Records supplied
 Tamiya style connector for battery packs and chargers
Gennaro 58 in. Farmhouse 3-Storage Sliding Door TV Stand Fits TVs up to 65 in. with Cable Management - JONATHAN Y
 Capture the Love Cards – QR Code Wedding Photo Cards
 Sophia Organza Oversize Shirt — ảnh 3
* * *
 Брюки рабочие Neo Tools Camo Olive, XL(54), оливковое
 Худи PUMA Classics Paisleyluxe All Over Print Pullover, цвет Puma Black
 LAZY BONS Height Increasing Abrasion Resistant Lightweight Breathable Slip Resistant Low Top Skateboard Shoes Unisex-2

To do
Give back exactly the lines above, from the line containing "Capture the Love" through the line containing "Sophia Organza Oversize Shirt — ảnh 3", with both end lines and nothing more.

The completed task
 Capture the Love Cards – QR Code Wedding Photo Cards
 Sophia Organza Oversize Shirt — ảnh 3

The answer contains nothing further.